* Work item: In the entries below, spot each line with the word "Band" and copy it.

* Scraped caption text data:
---+---

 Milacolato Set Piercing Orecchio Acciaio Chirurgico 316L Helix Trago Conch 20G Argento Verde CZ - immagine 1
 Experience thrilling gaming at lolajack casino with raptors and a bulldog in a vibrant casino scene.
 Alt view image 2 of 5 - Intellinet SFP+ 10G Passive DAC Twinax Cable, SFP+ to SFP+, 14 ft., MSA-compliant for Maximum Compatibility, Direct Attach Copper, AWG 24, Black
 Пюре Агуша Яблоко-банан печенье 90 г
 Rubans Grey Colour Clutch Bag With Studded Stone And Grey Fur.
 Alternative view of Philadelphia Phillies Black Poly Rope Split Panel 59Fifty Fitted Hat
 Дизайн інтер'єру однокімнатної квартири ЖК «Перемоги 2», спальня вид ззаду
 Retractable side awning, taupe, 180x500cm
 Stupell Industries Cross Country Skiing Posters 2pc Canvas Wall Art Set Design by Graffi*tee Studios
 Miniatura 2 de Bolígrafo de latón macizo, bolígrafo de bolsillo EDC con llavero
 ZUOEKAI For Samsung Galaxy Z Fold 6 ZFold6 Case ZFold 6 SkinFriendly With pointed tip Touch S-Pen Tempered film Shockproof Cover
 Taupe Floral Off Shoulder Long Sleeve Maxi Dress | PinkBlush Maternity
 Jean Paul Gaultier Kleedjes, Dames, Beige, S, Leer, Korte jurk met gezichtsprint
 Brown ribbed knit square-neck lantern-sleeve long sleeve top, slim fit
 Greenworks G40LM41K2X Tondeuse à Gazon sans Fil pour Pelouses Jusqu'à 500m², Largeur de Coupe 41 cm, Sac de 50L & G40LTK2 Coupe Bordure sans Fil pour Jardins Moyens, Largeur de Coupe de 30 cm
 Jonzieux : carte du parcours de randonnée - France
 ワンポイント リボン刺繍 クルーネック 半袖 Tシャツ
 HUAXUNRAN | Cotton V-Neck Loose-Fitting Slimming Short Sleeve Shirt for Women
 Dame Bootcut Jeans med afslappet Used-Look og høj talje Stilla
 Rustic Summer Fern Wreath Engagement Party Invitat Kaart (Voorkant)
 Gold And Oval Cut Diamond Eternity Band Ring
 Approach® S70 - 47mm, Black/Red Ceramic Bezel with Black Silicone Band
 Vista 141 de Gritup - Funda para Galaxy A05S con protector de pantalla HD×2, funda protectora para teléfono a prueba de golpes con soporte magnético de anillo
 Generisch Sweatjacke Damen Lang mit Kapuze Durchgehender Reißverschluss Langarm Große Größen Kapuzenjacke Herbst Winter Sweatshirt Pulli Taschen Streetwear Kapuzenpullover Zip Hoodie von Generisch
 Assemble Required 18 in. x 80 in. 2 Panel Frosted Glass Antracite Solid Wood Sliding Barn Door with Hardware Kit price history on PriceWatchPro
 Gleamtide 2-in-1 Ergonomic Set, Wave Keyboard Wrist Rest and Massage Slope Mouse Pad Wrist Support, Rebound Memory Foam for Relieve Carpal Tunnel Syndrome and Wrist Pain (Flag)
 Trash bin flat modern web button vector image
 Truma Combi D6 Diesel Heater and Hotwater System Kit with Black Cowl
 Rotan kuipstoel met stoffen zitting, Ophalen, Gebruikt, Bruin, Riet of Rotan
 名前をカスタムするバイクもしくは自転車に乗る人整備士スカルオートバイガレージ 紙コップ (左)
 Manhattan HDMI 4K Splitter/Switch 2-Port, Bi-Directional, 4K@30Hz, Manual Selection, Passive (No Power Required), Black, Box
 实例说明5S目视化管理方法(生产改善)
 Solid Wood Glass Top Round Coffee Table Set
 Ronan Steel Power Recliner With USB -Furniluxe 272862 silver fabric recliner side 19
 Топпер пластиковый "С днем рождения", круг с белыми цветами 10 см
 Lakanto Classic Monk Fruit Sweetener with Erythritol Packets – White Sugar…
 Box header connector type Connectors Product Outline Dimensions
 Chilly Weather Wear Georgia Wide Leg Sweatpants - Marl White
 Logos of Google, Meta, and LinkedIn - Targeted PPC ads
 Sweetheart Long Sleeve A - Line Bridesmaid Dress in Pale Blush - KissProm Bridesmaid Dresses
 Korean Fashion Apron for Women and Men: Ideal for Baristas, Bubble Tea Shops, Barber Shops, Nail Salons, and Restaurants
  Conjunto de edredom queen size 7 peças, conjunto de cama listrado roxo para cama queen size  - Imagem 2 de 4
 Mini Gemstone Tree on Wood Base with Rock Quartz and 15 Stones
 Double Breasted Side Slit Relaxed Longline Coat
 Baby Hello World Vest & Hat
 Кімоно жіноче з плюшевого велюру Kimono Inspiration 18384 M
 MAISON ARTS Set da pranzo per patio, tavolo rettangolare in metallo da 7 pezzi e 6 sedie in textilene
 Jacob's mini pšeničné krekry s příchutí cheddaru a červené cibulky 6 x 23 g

---+---

* Answer box:
 Gold And Oval Cut Diamond Eternity Band Ring
 Approach® S70 - 47mm, Black/Red Ceramic Bezel with Black Silicone Band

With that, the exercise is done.